The Green Team in Action

At Lincoln Elementary, students help keep the school clean and care for the planet. The Green Team is a group of volunteers from fourth and fifth grade who run the school recycling program. They meet every Friday to collect items that can be reused. Their work shows how kids can make a real difference at school. Each Friday morning, Green Team members visit every classroom in the building. They roll a large cart from room to room. Inside each classroom, there are three labeled containers. One is for paper, one is for aluminum cans, and one is for plastic bottles. Teachers remind students to drop the right items into the right bin all week long. When the Green Team arrives, the bins are usually full. After pickup, the volunteers bring the cart to the sorting room near the cafeteria. This is where the most important work happens. Students sort the items one more time to make sure nothing is mixed up. Paper goes into a tall blue bin. Aluminum cans go into a gray bin with a metal lid. Plastic bottles go into a green bin near the door. Sorting carefully is important because the city will not accept loads that are mixed together. A teacher named Mr. Ortega checks the bins before they leave the room. On Monday mornings, a city recycling truck pulls up to the back of the school. The driver loads the sorted bins and takes them to the city recycling center. There, the materials are cleaned, melted, or shredded so they can be turned into new products. Old paper might become a notebook. An empty can might become part of a bike. Used plastic bottles can even become carpet or new bottles. The Green Team has been busy this year. The school collects about 200 pounds of recycling each month. That adds up to more than a ton over the school year. Students also track their numbers on a poster in the main hallway. The poster shows how many pounds of each material the school has saved from the trash. Thanks to the Green Team, less waste leaves Lincoln Elementary in garbage bags. Instead, paper, cans, and bottles get a second life. The program proves that small actions, done every week by careful volunteers, can lead to big results.

What this lesson checks

  • Writing plan: The article ends by saying the Green Team's small actions lead to big results. Continue the article in the same informational voice. Write 2–3 sentences that add the NEXT informational detail, such as how the Green Team plans to grow the program or how other students can help. Use facts and language that match the rest of the article.
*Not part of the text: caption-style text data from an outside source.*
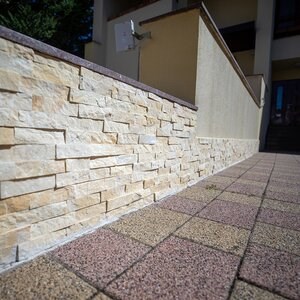 Catania Creme Marmor Wandverkleidungsplatte 15 x 60 cm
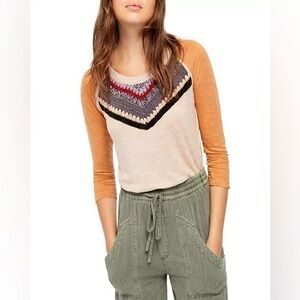 Free People Spring Bound Baseball Tee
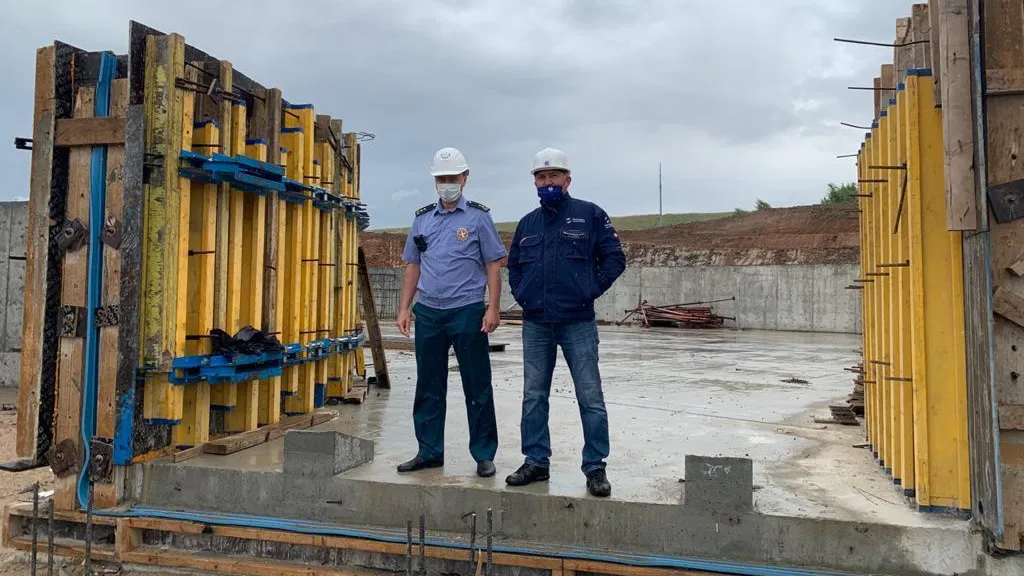 Проверка началась на стройплощадке комплекса гребного слалома в Сергиево‑Посадском округе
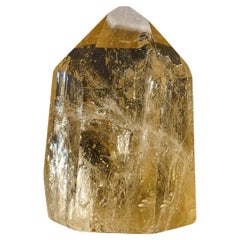 Genuine Museum Quality Citrine Crystal Point from Brazil (8 lbs)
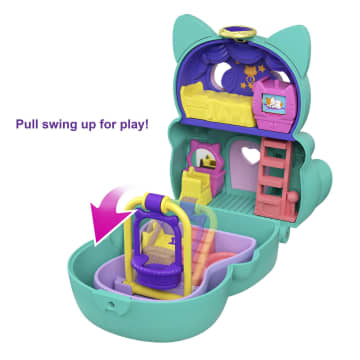 Polly Pocket Flip & Find Cat Compact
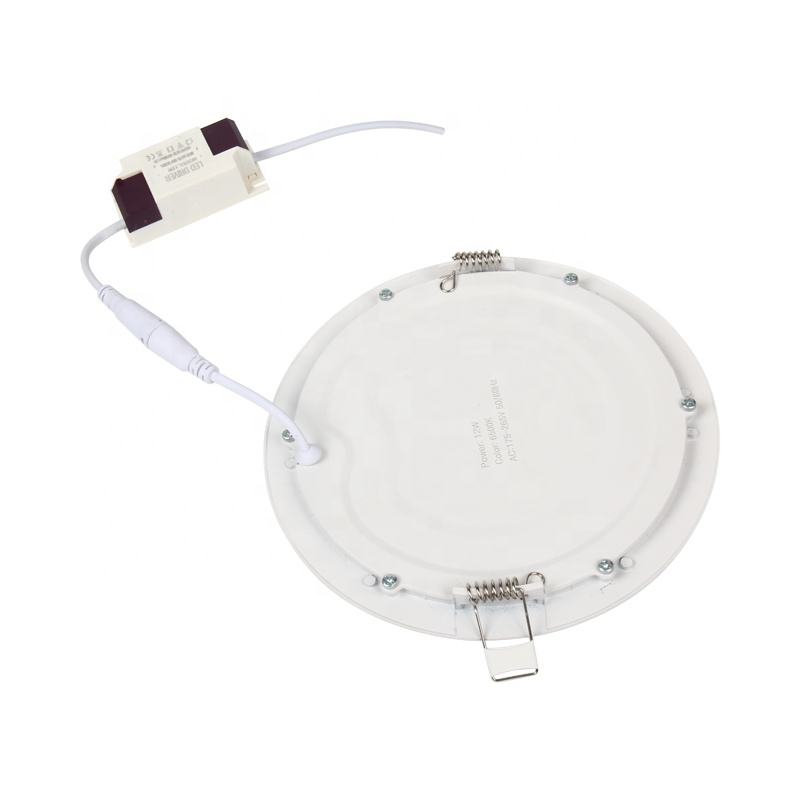 Factory Price 85-265V Ceiling Recessed Round Square Ultra Silm 3W 6W 9W 12W 15W 18W LED Panel Light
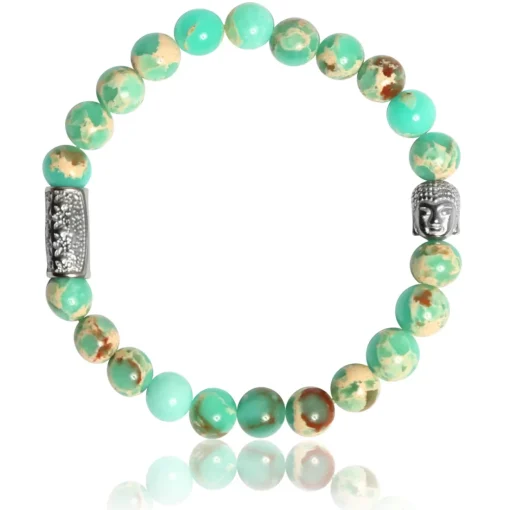 Bracelet Lauren Steven Design ML063 - Bracelet En Pierre Naturelle Jade Homme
  • Writing plan: Imagine your school has a student-run school garden club. Write 2–3 informational sentences that explain HOW the garden club works. Use the same kind of informational writing the Lincoln Elementary article uses: name a clear topic, then give concrete facts (such as who, when, and what they do). Do NOT share your opinion about the garden club.
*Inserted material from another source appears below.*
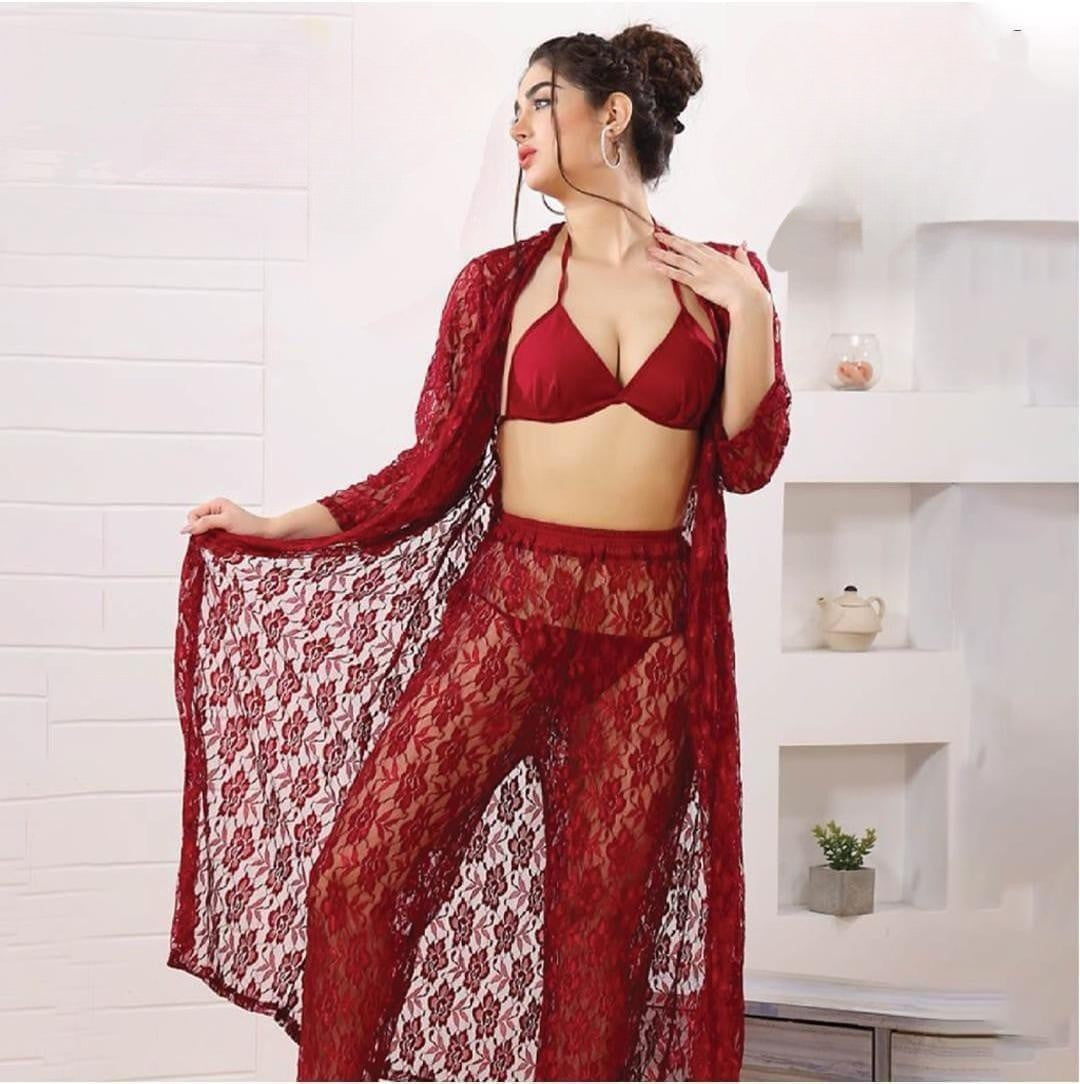Night Suit 4 Pcs Sleepwear Set.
  • Writing plan: Read this short informative model about a school book swap. It has a topic sentence and supporting facts, but it is MISSING a concluding sentence. Model: "At Jefferson Elementary, students run a book swap every month. The Reading Buddies club sets up tables in the library on the first Friday of each month. Students bring books they have already read and trade them for different ones. Last year, the club traded more than 300 books." Write ONE concluding sentence to finish the paragraph. Your sentence should wrap up the main idea and sound like informational writing (not an opinion). Use the same style as the Lincoln Elementary article.
  • Writing plan: A student wrote this weak draft about the Green Team's sorting room: "The sorting room is cool. Kids do stuff there with the bins." This draft is too vague and sounds like an opinion. Revise it into 2–3 strong informational sentences. Use specific facts from the Lincoln Elementary article (such as where the sorting room is, what students do there, the color of the bins, or why careful sorting matters). Keep the third-person informational voice.